Deutscher Sparkassen- und Giroverband (DSGV) registered the abstract colour red in respect of several banking services and financial services with the German Patent and Trademark Office after long registration proceedings.
With this registration, DSGV filed suit against the Spanish parent company and the German subsidiary of the Santander Group, which had been using the colour red throughout Europe for many years. Both parties do not use the colour red on its own, but as the colour of the 'S' logo and of the name Sparkasse (for DSGV) or as the background of the name Santander and a flame logo (for Santander):
The lower civil court in Hamburg granted DSGV's claim against the German subsidiary of Banco Santander, affirming that the red colour mark had been infringed; however, it rejected the claim against the parent company, holding that the latter has not been using the colour red in German commerce.
The court of appeal affirmed the decision against the parent company. The proceedings were suspended with respect to the German affiliate, as Santander Group filed a cancellation action against DSGV's colour mark and the court of appeal was of the opinion that it should not decide on a trademark infringement claim while the cancellation action was pending, as the claim was based primarily on the infringement of the registered colour mark.
The decision of the Federal Supreme Court (which is not yet available in full, but only as a press release) lifted the decision against the parent company and referred the case back to the court of appeal. According to the press release, this decision was based on three arguments:
The Federal Supreme Court doubted that the infringement proceedings should be suspended while the cancellation action was pending. As in the 'Yellow' case, the Federal Supreme Court held that the outcome of the cancellation action was “open” and that this would not justify a suspension of the proceedings.
The Federal Supreme Court held that the court of appeal should not have split up the proceedings against the parent company and its German affiliate, as similar legal questions had to be answered in both cases and the dispute should be decided in the same way against both defendants.
The Federal Supreme Court disagreed with the previous instances that the Spanish parent company had not used the colour red in German commerce. It referred to the use of the Santander logo during a formula 1 race in Germany and to the internet presence of Banco Santander, whose website could be accessed from Germany. The court was apparently of the opinion that this could theoretically constitute an infringement of DSGV's red colour mark and asked the court of appeal to check whether the colour mark was so well known that German consumers would establish a link between the colour mark of DSGV and use of the colour red by Banco Santander, even if there was no likelihood of confusion in the traditional sense. As the court of appeal has not made any statements in that respect, the case was referred back to it for further consideration.
As the use of the Santander logo during a formula 1 race and Santander's internet presence could indeed constitute use in German commerce, this holding of the Federal Supreme Court is not a real surprise. However, the court missed the opportunity to limit the scope of protection of an abstract colour mark, which was not used per se by Santander, but only as a background colour for the name Santander and for its flame logo.
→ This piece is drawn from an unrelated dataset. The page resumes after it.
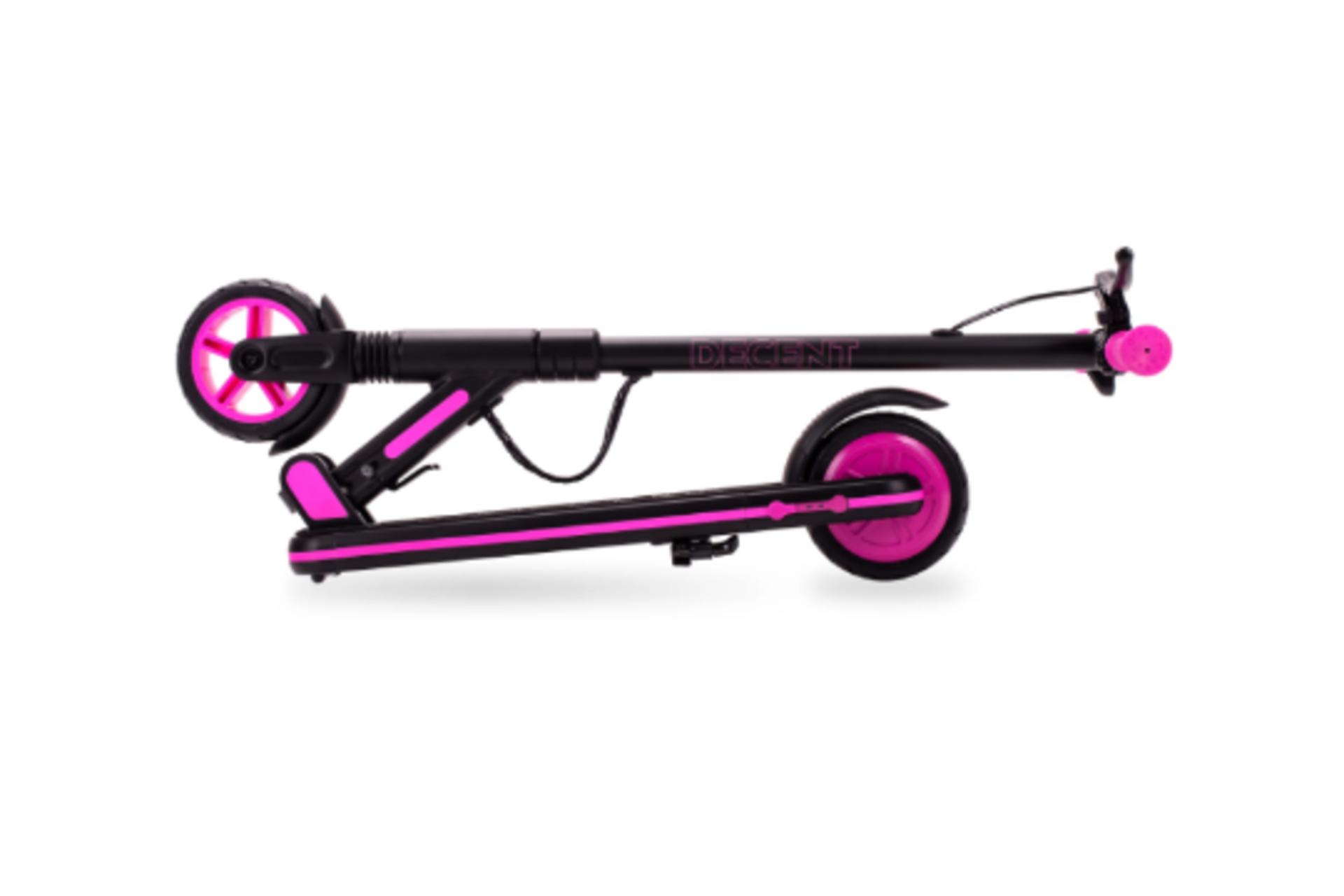 New &Boxed DECENT Kids Electric Scooter - Black/Pink. Let your kids zip around in style. With this - Image 2 of 3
The court apparently stuck to the rather broad scope of protection for abstract colour marks which was affirmed in the 'Yellow' case last year. Furthermore, it is surprising that the court refused to suspend the infringement proceedings based on the fact that the outcome of the cancellation action was “open”. Although the court took a similar point of view in the 'Yellow' case, it is surprising that the open outcome of a cancellation action against a registered mark which is the sole basis for the infringement proceedings would not be a reason to suspend those proceedings.
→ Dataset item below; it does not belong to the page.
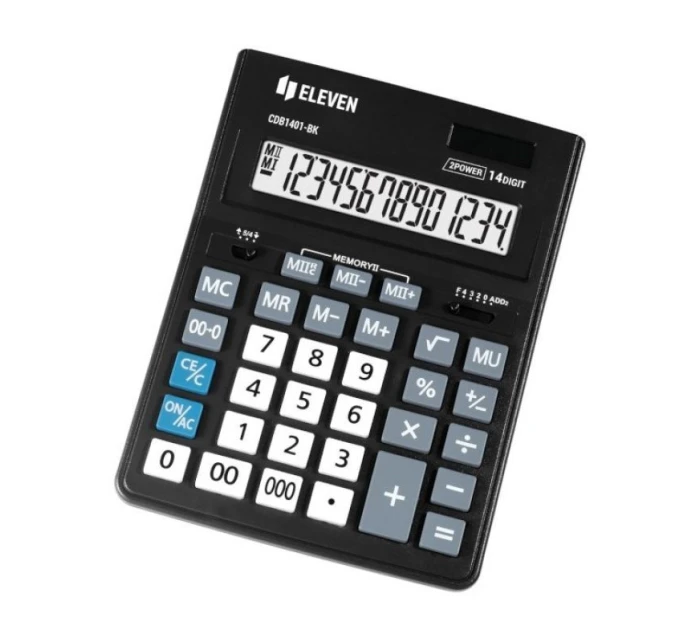 Kancelářská kalkulačka Eleven CDB1401-BK černá nahrazuje Citizen Kancelářská kalkulačka Eleven CDB1401-BK černá nahrazuje Citizen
The most decisive part of this dispute is, however, the cancellation proceedings against the colour mark. The Federal Patent Court had referred the case to the Court of Justice of the European Union (ECJ) for a preliminary ruling, which was issued on June 19 2014 in Joined Cases C-217/13 and C-218/13. With this preliminary ruling at hand, the Federal Patent Court decided on July 8 2105 (25 W (pat) 13/14) that the abstract colour mark of DSGV should be cancelled, knowing that the Federal Supreme Court had denied a similar claim for cancellation in the 'Yellow' case and had just referred the 'Nivea Blue' case back to the Federal Patent Court for further factual findings.
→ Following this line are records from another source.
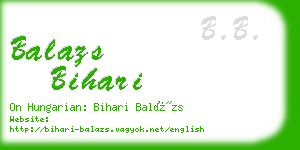 balazs bihari business card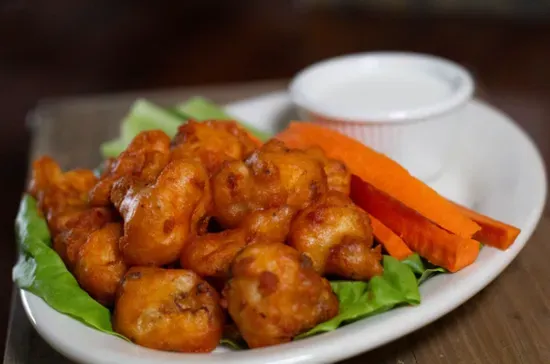 Buffalo Cauliflower Bites (V)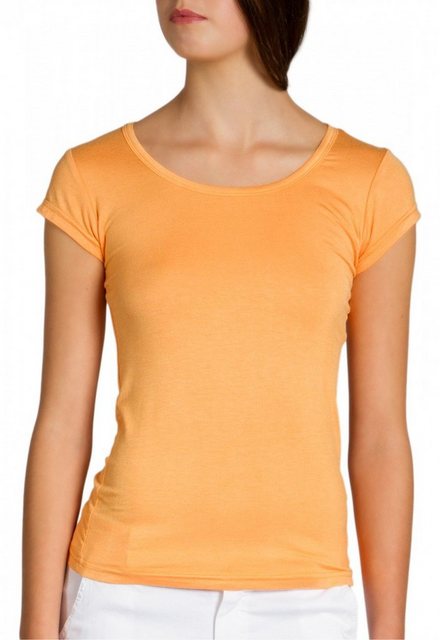 Caspar T-Shirt MUSE SRT005 klassisches Damen Basic kurzarm Shirt günstig online kaufen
The decision of the Federal Patent Court ordering the cancellation of the red colour mark was very long (81 pages, compared to 10 to 15 pages usually), adopted some rules laid down in the Sparkassen-Rot decision of the ECJ and also challenged the various surveys submitted by both parties during the course of the proceedings. DSGV filed a further appeal on grounds of law against the cancellation of the colour mark, and this matter is still pending. It will be very interesting to see how the Federal Supreme Court will deal with the cancellation action. Depending on the outcome of that action, the court of appeal in Hamburg will then take up the infringement action against both defendants and it seems likely that the case will then reach the Federal Supreme Court for the third time. It even seems possible that some questions will be sent to the ECJ for a preliminary ruling, both in the cancellation action and the infringement proceedings. Hence, the end of these proceedings are not yet within sight.